PP: The materials are often dictated by the project at hand. “The fence is a fence,” as someone once put it. I think that this in itself is an important conceptual decision. I will often research and find precedent for the “appropriate” material and building technique to use in a specific project such as special ordering “clear center-cut vertical-grain douglas fir” for the window screen frames. That decision came out of a long conversation with a log cabin builder based out of Jackson Hole Wyoming. There are times when I am specifically interested in transformation in the materiality of an object and the histories these materials carry with them. The series of “flying” tent forms made from gold/silver mylar emergency blankets or the black and iridescent automobile paint used on the woodpile sculptures are examples of this.
MR: How so?
PP: Mylar’s material history backs up to the NASA space program and the outer most extreme examples of survival. The reflection and conservation of energy and the fragility of environment. The “emergency blanket’s” dual surfacing of silver and gold may also stand in for a old survivalists belief that silver and gold are the only true and dependable currencies in the world. These surfaces are so reflective that when multiple sheet are hung together, their color values become indistinguishable as gold becomes silver, sliver becomes gold, and the metal laminate reflects back the colors and textures of the environment. The car paint also reflects light into shimmering dirty-rainbows that emulates the experience of a fire while maintaining a material toxicity that is an interesting tension. To me it comes from a world of say “car-camping,” to pick a kind of literal example, and our conflicted desires to be both autonomous and dependent on societal and technological systems. It’s the Walden pond phenomenon where Thoreau wanted to both live in isolation, but have a cup of soup at his mother’s house every now and again. That piece was paired with another digital fire where a video stream of a campfire was algorithmically processed into a technicolor amoeba like fire-form that was projected against an object or a wall in the room. A cold, non-consuming, light projection that again emulated properties of fire. These are all examples for me of material surfacing as artifice. A fusion of technology and materiality. Of idealism and practicality, but I want to couch that within a thought experiment around notions of survival.

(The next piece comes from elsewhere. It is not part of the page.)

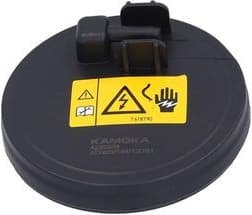 Valve, crankcase ventilation 4220008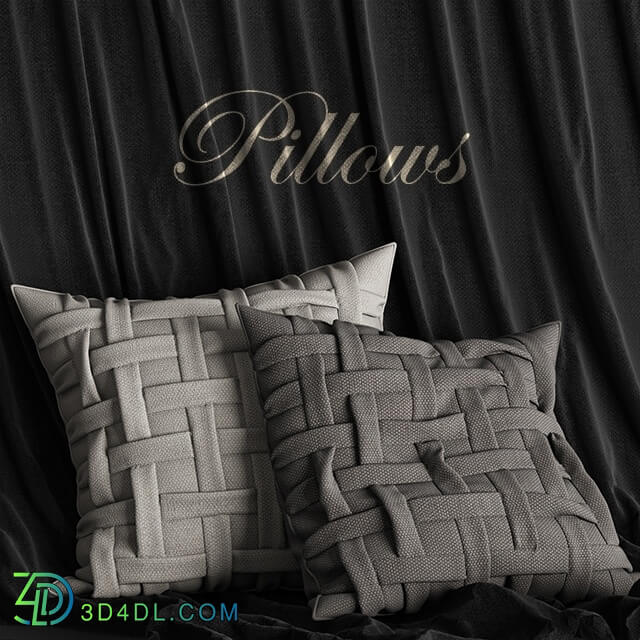 Pillows - Pillows _ 6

MR: Is there a common thread that runs through the work?
PP: I think there are themes of architecture and environment that cut across most of the work that I do. One might also say that I have a preoccupation with the American west.
MR: Does your personal biography play a particular role in the work?
PP: It is in there. I have lived most of my adult life in major cities including New York, Paris, and Chicago, but it’s the summers I spent mending fences in Wyoming that seem to keep coming back to me. I hope that biography can serve as a resource rather then the reason.
MR: How does being in Chicago affect your practice?
PP: Conceptually Chicago has turned out to be a really interesting place for me to work. It’s position historically and economically within the development of the nation is always interesting. On the more practical level, I have found that there are a number of opportunities to make and show work within the city. It’s always a mixed bag, but I’m trying to make the most out of cheap rent and a studio with views of the city skyline.